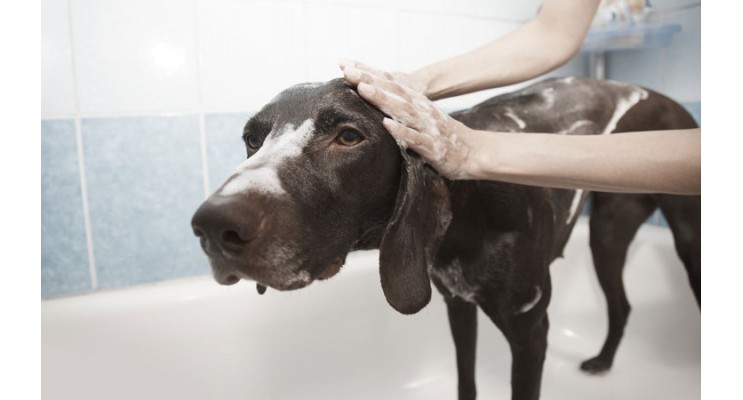 Come fare il bagno al cane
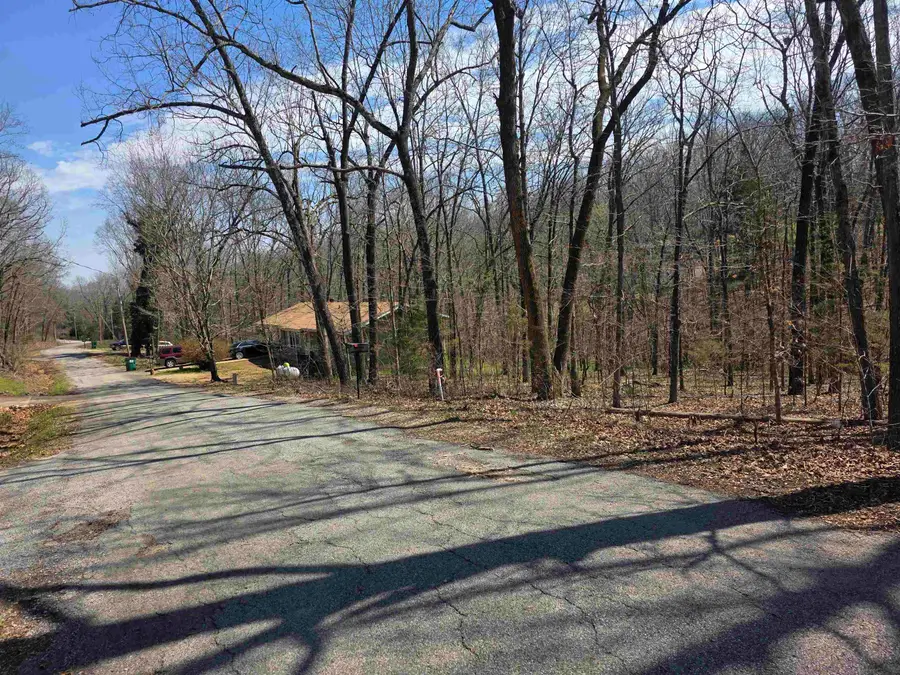 L25 B4 Keno Drive, Cherokee Village, AR 72529 - #3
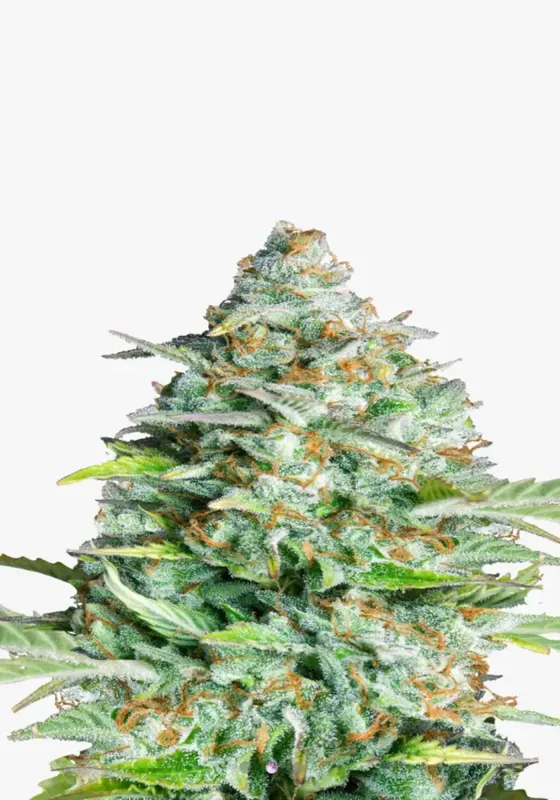 Kush Orginal F1 di Bud Voyage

········

* _PROMPT_:
With the pictures left out, give again exactly the lines from the one that contains "L25 B4 Keno" through the final line of the data above.

* _EXERCISE OUTPUT_:
 L25 B4 Keno Drive, Cherokee Village, AR 72529 - #3
 Kush Orginal F1 di Bud Voyage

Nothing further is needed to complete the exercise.